Source data section start

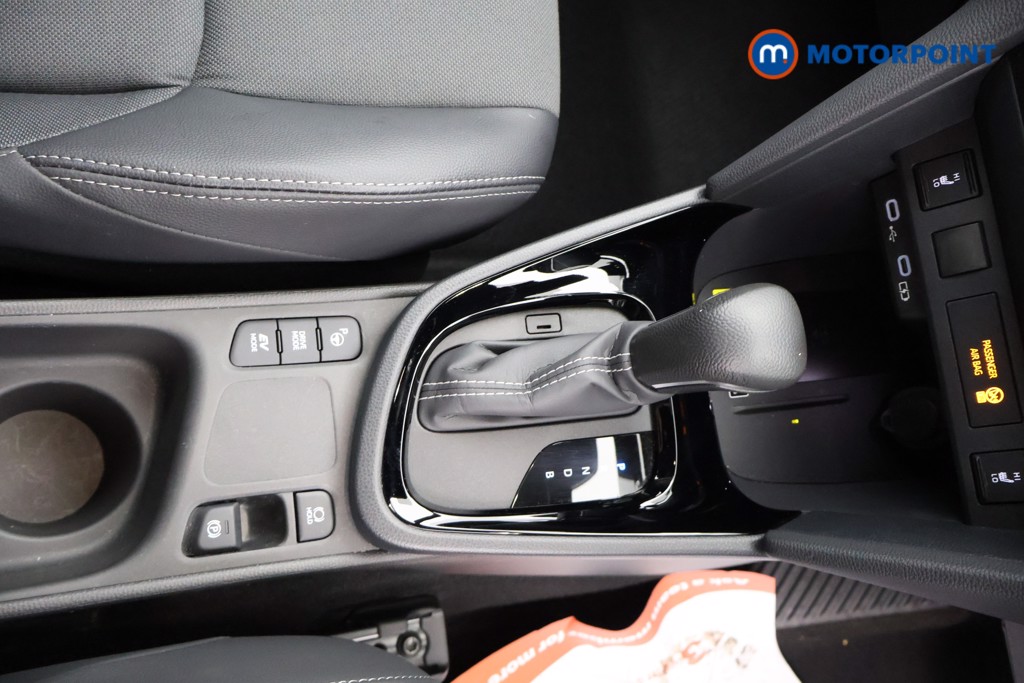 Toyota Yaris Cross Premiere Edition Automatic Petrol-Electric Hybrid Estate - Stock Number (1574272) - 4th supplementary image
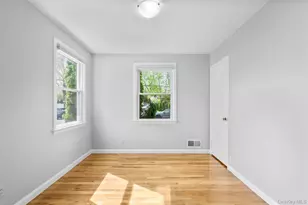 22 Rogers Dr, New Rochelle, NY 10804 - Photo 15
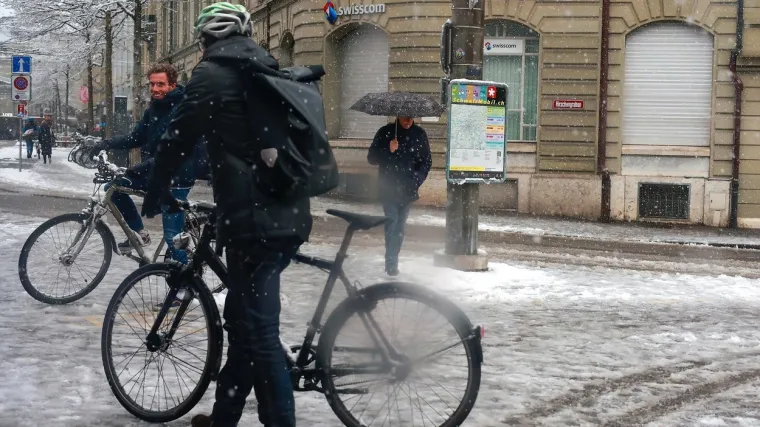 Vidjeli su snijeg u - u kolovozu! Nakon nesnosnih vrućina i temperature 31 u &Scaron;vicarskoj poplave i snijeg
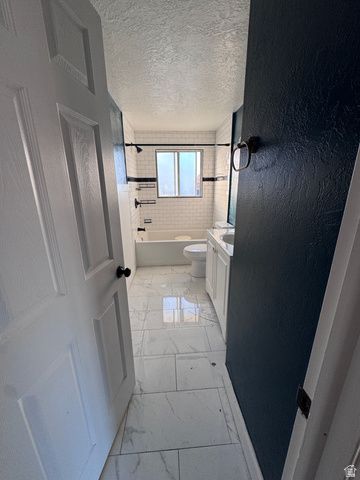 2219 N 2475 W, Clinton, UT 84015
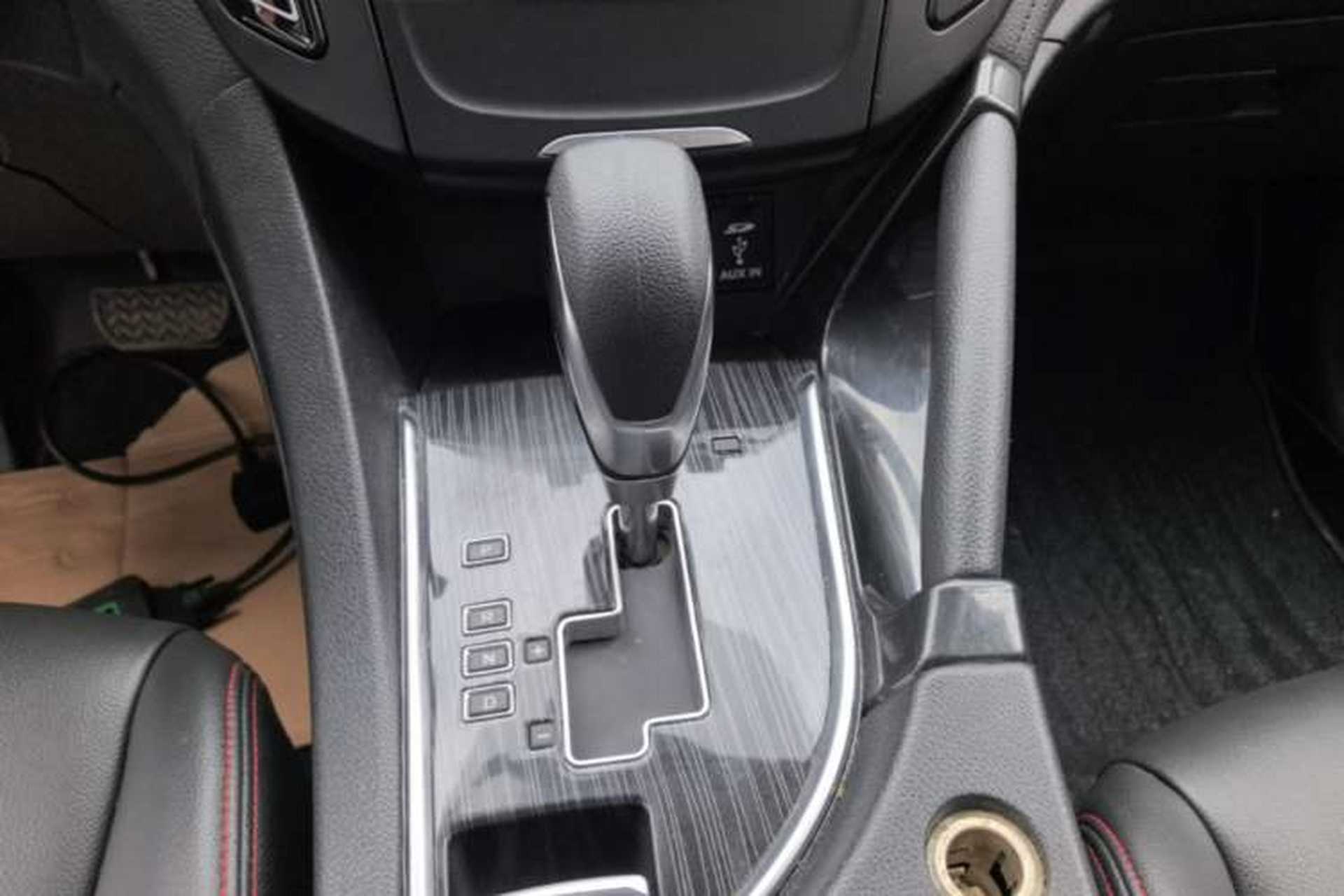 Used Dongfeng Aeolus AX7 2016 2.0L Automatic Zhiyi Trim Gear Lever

Source data section end

Every record above needs to be repeated exactly; pictures are to be left out.

 Toyota Yaris Cross Premiere Edition Automatic Petrol-Electric Hybrid Estate - Stock Number (1574272) - 4th supplementary image
 22 Rogers Dr, New Rochelle, NY 10804 - Photo 15
 Vidjeli su snijeg u - u kolovozu! Nakon nesnosnih vrućina i temperature 31 u &Scaron;vicarskoj poplave i snijeg
 2219 N 2475 W, Clinton, UT 84015
 Used Dongfeng Aeolus AX7 2016 2.0L Automatic Zhiyi Trim Gear Lever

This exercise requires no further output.